Let us denote by $w \xrightarrow{}_{\mathcal{R}} p$ that $p$ is the result of applying a single rewriting rule from $\mathcal{R}$ once to $w$, and by $w \xrightarrow{*}_{\mathcal{R}} p$ that $p$ is the result of rewriting of $w$ with any number of rules from $\mathcal{R}$. Confluence can be succintly phrased as
\[\forall{w} \left(\; (p_1 {\,}_{\mathcal{R}}{\xleftarrow{*}}\; w \xrightarrow{*}_{\mathcal{R}} p_2) \implies \exists q \; p_1 \xrightarrow{*}_{\mathcal{R}} q {\,}_{\mathcal{R}}{\xleftarrow{*}}\; p_2\right).\]
Local confluence and suffix-prefix words
It turns out that confluence is equivalent to local confluence. What does local mean? That we allow only a single rewrite by a rule of $\mathcal{R}$ to arrive at $p_1$ or $p_2$ ($q$ can be still arrived at by arbitrary number of rewrties):
\[\forall{w} \left(\; (p_1 {\,}_{\mathcal{R}}{\xleftarrow{}}\; w \xrightarrow{}_{\mathcal{R}} p_2) \implies \exists q \; p_1 \xrightarrow{*}_{\mathcal{R}} q {\,}_{\mathcal{R}}{\xleftarrow{*}}\; p_2\right).\]

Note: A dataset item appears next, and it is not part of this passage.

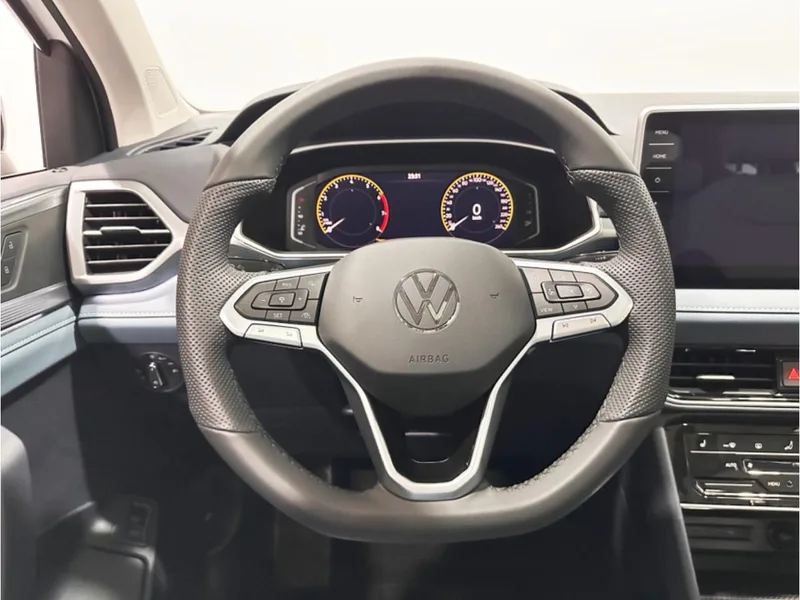 Volkswagen Tharu 2024 300TSI Ежемесячная версия с двумя приводами экстерьер фото 9 Volkswagen Tharu 2024 300TSI Ежемесячная версия с двумя приводами экстерьер фото 9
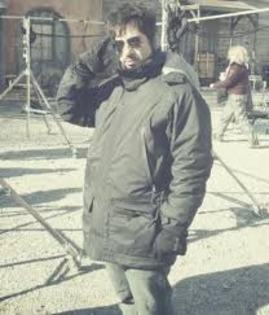 images (66) - Miguel Rodarte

Local confluence seems a much weaker condition than normal confluence and yet they are equivalent and the former is much easier to check! While the set of words for which local confluence fails may be infinite, the shortest among them, i.e. the ones where local confluence holds for all proper subwords, can be characterized in terms of $\mathcal{R}$ explicitly! They are formed from pairs of rules where a suffix of the left-hand-side of one rule is a prefix of the left-hand-side of the other. Suppose we have two rules $p_i \to q_i$ ($i = 1,2$) and that $p_1 = a\cdot b$ and $p_2 = b\cdot c$ ($b \neq \varepsilon$), we can rewrite $w = a\cdot b \cdot c$
\[q_1 \cdot c {\,}_{\mathcal{R}}{\xleftarrow{}}\; p_1 \cdot c = w = a\cdot p_2 \xrightarrow{}_{\mathcal{R}} A\cdot q_2\]
in two (potentially) different ways. If we can show that none of the candidates fails local confluence the rewriting system $\mathcal{R}$ is confluent and hence can be used to solve the word problem!
Note, however, that as we check a pair of rules for failure to local confluence, new rewriting rules are often discovered and added to $\mathcal{R}$ hence new additional pairs of rules need to be checked and the whole process becomes potentially infinite.
Knuth Bendix completion - an example
Let us work out an example. We begin with alphabet $\mathcal{A} = \{a, A, b\}$ ordered by the length-then-lexicographical order on $\mathcal{A}^*$ defined by $a < A < b$.
Here are our generating pairs for the congruence:
\[R = \{(aA, \varepsilon), (Aa, \varepsilon), (bbb, \varepsilon), (ab, ba)\}.\]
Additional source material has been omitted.